*** Opening of Study material ***

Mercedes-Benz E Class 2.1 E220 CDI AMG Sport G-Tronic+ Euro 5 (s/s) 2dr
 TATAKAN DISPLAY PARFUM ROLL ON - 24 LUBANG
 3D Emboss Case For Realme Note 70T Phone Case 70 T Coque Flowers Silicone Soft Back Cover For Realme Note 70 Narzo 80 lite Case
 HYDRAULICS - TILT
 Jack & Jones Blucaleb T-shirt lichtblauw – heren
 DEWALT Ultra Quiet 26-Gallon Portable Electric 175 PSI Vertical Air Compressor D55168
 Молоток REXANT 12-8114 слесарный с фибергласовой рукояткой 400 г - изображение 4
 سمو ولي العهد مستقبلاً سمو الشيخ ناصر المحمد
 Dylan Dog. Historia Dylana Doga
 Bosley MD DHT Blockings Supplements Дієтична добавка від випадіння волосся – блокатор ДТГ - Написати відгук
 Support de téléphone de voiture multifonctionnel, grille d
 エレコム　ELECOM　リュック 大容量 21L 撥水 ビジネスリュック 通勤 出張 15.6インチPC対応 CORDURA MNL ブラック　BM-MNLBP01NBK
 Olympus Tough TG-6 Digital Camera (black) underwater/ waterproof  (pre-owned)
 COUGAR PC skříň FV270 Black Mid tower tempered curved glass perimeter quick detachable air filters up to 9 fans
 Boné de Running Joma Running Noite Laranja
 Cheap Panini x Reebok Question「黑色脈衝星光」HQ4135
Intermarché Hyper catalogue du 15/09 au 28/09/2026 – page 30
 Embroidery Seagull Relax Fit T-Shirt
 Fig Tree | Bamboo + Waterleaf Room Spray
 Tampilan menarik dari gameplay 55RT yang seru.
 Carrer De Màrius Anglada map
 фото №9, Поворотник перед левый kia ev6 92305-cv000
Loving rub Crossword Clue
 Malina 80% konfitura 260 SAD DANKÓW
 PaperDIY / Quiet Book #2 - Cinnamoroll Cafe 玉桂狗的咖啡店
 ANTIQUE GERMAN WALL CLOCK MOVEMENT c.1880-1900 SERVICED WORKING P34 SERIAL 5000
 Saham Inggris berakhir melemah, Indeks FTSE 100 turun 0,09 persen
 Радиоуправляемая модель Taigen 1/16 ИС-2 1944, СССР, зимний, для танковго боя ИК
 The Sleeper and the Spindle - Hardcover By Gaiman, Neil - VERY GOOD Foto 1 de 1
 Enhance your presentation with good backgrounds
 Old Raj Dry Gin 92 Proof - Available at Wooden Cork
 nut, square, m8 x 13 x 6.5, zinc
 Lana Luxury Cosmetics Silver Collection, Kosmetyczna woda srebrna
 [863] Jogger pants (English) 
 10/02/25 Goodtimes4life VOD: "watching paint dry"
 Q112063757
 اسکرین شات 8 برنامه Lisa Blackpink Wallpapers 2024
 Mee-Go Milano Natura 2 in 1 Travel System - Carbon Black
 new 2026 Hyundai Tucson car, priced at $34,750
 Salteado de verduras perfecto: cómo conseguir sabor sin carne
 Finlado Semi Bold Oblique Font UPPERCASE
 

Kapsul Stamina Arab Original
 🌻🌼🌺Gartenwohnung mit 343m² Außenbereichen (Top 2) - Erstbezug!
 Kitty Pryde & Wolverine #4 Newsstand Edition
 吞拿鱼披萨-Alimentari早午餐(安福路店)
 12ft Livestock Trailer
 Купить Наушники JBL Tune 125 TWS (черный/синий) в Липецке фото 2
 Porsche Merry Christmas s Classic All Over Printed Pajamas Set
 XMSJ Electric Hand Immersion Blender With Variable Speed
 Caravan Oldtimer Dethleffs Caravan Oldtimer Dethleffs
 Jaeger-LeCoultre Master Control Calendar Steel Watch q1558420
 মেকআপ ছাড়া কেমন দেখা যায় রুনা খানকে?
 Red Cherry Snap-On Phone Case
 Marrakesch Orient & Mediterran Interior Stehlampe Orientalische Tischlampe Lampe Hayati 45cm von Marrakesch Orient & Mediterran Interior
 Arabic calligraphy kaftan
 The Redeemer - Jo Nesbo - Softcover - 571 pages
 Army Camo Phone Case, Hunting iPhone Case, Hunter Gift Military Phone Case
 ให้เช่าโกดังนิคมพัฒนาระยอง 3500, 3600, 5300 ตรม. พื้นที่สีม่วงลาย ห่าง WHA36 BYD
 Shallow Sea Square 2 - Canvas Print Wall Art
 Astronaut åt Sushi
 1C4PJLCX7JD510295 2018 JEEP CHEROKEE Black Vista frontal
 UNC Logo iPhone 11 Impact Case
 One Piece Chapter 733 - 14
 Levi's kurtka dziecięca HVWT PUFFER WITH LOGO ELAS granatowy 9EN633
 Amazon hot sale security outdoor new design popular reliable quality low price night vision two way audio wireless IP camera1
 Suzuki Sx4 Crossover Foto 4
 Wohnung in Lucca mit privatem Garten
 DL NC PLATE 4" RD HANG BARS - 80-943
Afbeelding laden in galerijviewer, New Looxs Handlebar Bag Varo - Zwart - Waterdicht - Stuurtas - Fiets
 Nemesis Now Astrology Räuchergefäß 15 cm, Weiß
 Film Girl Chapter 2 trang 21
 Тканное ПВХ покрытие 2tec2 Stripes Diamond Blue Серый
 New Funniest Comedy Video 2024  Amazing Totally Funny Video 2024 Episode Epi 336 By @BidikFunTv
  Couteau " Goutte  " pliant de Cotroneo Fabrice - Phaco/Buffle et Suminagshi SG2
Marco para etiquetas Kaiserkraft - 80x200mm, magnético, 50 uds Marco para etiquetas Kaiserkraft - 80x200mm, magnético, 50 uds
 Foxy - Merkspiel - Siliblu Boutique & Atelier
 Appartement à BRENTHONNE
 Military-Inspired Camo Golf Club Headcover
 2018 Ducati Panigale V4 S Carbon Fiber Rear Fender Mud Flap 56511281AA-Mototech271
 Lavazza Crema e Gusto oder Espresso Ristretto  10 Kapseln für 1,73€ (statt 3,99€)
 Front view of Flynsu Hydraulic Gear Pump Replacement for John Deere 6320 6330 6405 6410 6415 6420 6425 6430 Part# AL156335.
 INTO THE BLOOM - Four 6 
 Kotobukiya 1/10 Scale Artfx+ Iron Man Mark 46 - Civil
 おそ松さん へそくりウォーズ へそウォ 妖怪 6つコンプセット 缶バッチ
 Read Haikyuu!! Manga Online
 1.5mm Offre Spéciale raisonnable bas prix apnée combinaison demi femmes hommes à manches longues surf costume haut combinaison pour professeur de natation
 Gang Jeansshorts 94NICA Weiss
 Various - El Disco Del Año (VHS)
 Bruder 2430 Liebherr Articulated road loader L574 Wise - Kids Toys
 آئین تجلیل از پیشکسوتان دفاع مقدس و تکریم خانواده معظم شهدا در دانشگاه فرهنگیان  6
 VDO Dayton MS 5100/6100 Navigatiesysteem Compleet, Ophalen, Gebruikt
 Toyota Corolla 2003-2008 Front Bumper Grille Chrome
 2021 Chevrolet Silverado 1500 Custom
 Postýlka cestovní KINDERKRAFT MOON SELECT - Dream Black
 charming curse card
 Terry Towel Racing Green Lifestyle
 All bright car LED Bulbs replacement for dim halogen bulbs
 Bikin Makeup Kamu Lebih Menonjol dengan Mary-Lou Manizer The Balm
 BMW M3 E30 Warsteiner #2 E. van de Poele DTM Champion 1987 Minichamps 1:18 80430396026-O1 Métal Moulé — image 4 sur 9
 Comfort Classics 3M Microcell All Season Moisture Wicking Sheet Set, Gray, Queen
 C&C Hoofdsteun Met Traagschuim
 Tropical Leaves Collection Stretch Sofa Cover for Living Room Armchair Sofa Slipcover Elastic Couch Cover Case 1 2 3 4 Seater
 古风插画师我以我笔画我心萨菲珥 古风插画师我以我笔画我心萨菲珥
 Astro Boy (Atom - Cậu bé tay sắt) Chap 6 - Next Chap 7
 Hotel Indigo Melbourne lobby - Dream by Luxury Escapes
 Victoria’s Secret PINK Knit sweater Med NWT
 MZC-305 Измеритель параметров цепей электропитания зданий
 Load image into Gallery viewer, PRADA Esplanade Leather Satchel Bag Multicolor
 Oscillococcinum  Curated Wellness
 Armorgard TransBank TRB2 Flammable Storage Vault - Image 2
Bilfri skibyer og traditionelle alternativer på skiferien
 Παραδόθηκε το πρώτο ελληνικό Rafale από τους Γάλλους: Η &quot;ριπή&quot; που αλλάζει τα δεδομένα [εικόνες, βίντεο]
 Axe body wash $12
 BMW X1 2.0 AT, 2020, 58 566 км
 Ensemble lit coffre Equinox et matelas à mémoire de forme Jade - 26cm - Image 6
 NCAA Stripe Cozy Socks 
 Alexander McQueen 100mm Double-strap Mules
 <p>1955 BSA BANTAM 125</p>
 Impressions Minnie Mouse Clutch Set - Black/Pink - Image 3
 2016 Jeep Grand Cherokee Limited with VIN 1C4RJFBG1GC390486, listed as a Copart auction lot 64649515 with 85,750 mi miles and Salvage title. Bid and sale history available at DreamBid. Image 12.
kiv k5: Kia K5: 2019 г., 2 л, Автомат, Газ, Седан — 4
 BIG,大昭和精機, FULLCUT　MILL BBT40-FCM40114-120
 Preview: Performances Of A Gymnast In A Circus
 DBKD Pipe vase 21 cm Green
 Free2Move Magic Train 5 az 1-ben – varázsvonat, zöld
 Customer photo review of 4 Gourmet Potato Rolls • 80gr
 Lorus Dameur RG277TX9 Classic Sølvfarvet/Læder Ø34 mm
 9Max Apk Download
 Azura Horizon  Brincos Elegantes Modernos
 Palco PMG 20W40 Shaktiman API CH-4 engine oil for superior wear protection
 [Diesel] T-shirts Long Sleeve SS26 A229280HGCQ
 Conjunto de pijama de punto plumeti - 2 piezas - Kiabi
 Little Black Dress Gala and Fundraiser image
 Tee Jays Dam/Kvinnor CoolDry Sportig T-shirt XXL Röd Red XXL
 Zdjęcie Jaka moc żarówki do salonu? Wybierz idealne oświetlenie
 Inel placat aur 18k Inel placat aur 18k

*** Close of Study material ***

In the entries above, find each line with "sale" and list it.

 Amazon hot sale security outdoor new design popular reliable quality low price night vision two way audio wireless IP camera1
 2016 Jeep Grand Cherokee Limited with VIN 1C4RJFBG1GC390486, listed as a Copart auction lot 64649515 with 85,750 mi miles and Salvage title. Bid and sale history available at DreamBid. Image 12.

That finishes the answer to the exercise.